Layer up! In need of a simple dessert sure to impress guests (or just yourself)? Look no further! This super simple recipe comes together in no time, has only 7 ingredients & looks too cute not to snap a pic. Why are you still here reading this? Go! Go make this!
Blackberry Shortcake
Ingredients
- 1 can full-fat coconut or cream, chilled solids only
- 1 tsp vanilla
- 1 tbsp powdered sugar sub maple syrup
- 1 frozen puff pastry sheet
- 1 1/2 cups blackberries sub strawberries, blueberries, raspberries
- 1 tsp cane sugar plus 1 tsp optional garnish
- mint leaves optional garnish
Instructions
- Chill the coconut milk (if you planned ahead overnight in the refrigerator, if you didn't, place in the freezer for 3 hours).
- Unthaw the frozen puff pastry dough on the kitchen counter for 30 minutes. On a piece of parchment paper, roll out the dough to smooth it out.
- Preheat oven to 425°.
- Grab a cookie cutter or glass jar & cut out 12 circles. Remove excess dough.Optional: Sprinkle cane sugar on 4 of rounds. This will give a sugared crust for the top layer.
- Transfer the parchment paper to a baking tray & bake for about 10 minutes until they just puff up & become golden brown. Remove from oven & set aside to cool.
- While puff pastry cooks prepare your fruit. In a bowl add the berries (slice if needed) & 1 tsp of sugar. Give it a stir. This helps to release the fruit's natural juices. Set aside.

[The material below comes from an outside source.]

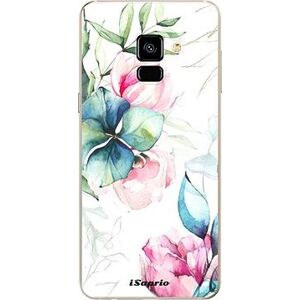 iSaprio Flower Art 01 pro Samsung Galaxy A8 2018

- Make the whipped coconut cream. Open the chilled can of coconut milk & scoop out the solid mass at the top, reserving the liquid for another use. With a handheld mixer, whip the coconut cream until it forms an airy texture, about 1 minute. Add the powdered sugar & vanilla. Whip again for another minute.
- Build your layers…puff pastry, berry, cream, puff pastry, berry, cream. Top with a sprig of mint.